The Zip necklace is a marvel of skill and ingenuity, standing among the most iconic designs in the history of jewelry. Beginning in the 1930s, with the creation of the Ludo bracelet, Van Cleef & Arpels pushed the boundaries of the goldsmith’s art, acting as couturiers to devise jewels as supple as silk. By the 1940s, textile motifs poured forth from their workshops in the form of tassels, “lace” bows, ribbons, pompoms and wirework tulle. The culmination and magnum opus of this period of sartorial exploration was, of course, the Zip.

The idea for the Zip is said to have originated with the Duchess of Windsor who, upon seeing zippers incorporated into clothing by Elsa Schiaparelli, asked Van Cleef’s creative director, Renée Puissant, to follow suit. With this, an eminently practical mechanism was transformed into a spectacular jewel, but only after 12 years of trial and error.
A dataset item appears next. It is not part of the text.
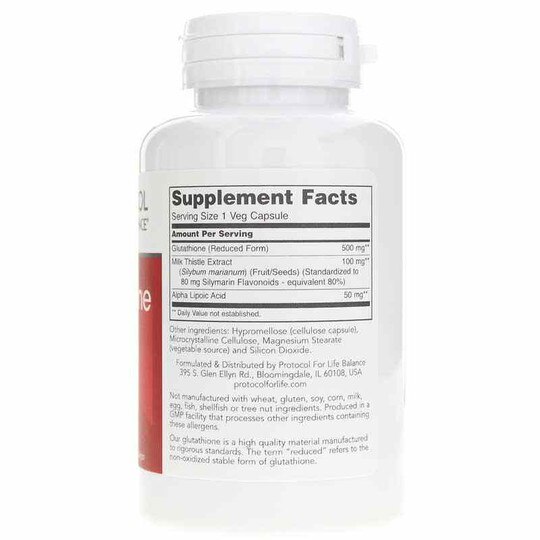 Glutathione 500 Mg, 60 Veg Capsules, PFLB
The great irony stemming from the Zip's long journey from conception to completion (1938-1950) is that the Duchess never in fact owned one herself, perhaps due to the pleasant distraction provided by the many other extraordinary, one-of-a-kind jewels she regularly added to her collection.

Each Zip is emblematic of technical virtuosity and clear-minded exertion. As a result, only a limited number of them were made in the 1950s. Van Cleef & Arpels re-introduced the Zip in 2005, incorporating a greater variety of materials and adding fanciful twists to the original design. The process today is no less labor-intensive: the sapphire example worn by Margot Robbie at the 2015 Academy Awards was reported to have taken 600 hours to make. The similarly designed piece offered here affords a different kind of versatility, its attenuated form allowing for the links to be zipped to a great many levels with the additional benefit of the option to wear it in reverse, down the back. Both this and lot 120 exemplify the enduring legacy of great designs by Van Cleef & Arpels.